Collection entries:
---------------

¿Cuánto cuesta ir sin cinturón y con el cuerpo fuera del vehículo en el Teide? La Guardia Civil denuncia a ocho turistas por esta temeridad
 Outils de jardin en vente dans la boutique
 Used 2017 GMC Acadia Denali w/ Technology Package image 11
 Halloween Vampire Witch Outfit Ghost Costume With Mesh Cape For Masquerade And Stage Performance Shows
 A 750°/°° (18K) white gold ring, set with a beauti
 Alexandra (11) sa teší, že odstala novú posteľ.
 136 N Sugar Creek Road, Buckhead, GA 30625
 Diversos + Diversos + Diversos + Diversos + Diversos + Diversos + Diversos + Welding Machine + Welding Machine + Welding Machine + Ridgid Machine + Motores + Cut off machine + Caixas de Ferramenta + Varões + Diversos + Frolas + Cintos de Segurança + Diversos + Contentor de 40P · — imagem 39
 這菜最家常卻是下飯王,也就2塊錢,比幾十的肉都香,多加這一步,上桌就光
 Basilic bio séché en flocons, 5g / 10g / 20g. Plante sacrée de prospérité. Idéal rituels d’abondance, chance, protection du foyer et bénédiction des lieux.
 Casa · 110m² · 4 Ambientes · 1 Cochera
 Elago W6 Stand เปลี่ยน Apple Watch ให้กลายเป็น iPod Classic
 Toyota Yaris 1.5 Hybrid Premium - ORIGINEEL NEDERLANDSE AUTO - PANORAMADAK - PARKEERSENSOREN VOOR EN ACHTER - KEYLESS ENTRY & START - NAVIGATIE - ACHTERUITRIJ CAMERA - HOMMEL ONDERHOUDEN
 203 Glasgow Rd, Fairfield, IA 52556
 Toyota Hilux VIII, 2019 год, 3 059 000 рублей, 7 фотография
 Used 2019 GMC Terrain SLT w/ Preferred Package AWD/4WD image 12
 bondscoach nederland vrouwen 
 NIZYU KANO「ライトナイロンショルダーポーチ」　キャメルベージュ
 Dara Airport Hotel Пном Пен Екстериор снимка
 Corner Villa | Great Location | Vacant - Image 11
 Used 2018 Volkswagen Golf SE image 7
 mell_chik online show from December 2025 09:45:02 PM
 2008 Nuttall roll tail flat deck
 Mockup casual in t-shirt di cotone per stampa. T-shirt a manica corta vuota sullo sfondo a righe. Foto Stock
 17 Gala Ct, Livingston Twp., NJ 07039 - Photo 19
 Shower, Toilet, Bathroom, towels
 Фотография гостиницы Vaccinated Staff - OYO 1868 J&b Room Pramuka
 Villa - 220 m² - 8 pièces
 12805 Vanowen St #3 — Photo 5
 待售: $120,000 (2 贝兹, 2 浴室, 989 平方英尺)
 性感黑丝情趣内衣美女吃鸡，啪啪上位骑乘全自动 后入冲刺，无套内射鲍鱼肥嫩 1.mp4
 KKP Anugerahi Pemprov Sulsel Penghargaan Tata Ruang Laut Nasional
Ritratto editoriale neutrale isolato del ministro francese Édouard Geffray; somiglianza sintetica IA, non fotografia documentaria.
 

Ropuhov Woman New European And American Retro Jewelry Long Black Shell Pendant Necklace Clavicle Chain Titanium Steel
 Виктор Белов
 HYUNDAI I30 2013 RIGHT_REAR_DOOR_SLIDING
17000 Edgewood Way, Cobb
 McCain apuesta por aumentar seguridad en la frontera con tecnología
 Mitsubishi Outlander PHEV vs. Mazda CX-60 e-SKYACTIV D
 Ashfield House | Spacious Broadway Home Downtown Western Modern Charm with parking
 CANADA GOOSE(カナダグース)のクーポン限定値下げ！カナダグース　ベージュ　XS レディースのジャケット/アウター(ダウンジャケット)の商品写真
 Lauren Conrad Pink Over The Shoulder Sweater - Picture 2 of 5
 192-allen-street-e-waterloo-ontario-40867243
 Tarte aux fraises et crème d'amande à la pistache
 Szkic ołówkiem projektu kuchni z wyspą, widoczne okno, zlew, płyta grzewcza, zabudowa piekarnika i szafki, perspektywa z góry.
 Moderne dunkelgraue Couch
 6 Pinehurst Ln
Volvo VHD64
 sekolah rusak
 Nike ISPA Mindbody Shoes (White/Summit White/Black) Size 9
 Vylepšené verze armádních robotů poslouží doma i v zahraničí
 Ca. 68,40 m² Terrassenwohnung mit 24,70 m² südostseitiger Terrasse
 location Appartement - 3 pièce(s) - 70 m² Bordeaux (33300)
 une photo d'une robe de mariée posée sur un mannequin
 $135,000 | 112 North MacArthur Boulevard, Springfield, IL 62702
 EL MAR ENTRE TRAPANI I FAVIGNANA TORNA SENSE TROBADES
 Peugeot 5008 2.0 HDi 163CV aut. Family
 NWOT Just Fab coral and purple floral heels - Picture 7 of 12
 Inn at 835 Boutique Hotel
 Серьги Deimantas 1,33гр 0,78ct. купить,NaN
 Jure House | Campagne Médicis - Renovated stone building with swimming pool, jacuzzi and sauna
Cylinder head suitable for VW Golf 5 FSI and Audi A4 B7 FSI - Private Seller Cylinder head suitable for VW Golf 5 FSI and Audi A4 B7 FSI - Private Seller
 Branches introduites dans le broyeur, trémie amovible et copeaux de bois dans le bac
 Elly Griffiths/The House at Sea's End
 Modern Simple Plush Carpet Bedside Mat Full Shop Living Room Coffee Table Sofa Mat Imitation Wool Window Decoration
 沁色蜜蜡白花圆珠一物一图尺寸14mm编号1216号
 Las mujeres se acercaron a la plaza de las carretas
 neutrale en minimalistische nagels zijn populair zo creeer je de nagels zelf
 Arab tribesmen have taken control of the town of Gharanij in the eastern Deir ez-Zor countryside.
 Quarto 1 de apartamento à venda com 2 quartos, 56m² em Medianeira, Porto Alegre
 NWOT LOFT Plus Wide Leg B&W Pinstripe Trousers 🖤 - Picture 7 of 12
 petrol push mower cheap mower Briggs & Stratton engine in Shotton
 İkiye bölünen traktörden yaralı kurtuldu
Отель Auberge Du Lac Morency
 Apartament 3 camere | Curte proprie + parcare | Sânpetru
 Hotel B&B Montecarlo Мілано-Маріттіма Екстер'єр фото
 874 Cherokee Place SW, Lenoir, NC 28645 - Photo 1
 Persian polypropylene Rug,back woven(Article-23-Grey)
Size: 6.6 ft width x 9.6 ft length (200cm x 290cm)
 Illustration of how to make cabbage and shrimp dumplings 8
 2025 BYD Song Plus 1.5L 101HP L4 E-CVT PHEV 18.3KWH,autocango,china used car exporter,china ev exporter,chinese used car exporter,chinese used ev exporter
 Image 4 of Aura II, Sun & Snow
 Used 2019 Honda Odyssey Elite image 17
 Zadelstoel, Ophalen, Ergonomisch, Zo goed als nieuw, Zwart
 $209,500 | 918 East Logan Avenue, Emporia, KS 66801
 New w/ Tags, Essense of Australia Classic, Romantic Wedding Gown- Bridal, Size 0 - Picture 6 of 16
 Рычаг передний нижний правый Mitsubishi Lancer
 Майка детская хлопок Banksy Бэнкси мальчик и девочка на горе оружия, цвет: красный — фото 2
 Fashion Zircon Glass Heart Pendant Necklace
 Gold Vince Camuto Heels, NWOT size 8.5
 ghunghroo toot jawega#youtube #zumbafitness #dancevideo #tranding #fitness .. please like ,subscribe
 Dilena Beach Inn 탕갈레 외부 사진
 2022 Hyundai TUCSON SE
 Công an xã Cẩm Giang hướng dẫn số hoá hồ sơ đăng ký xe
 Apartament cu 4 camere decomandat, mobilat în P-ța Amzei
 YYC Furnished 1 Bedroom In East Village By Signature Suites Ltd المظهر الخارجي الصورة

---------------

**EXERCISE DESCRIPTION:**
Those lines above that contain the string "NWOT" should be returned.

**EXERCISE SOLUTION:**
 NWOT Just Fab coral and purple floral heels - Picture 7 of 12
 NWOT LOFT Plus Wide Leg B&W Pinstripe Trousers 🖤 - Picture 7 of 12
 Gold Vince Camuto Heels, NWOT size 8.5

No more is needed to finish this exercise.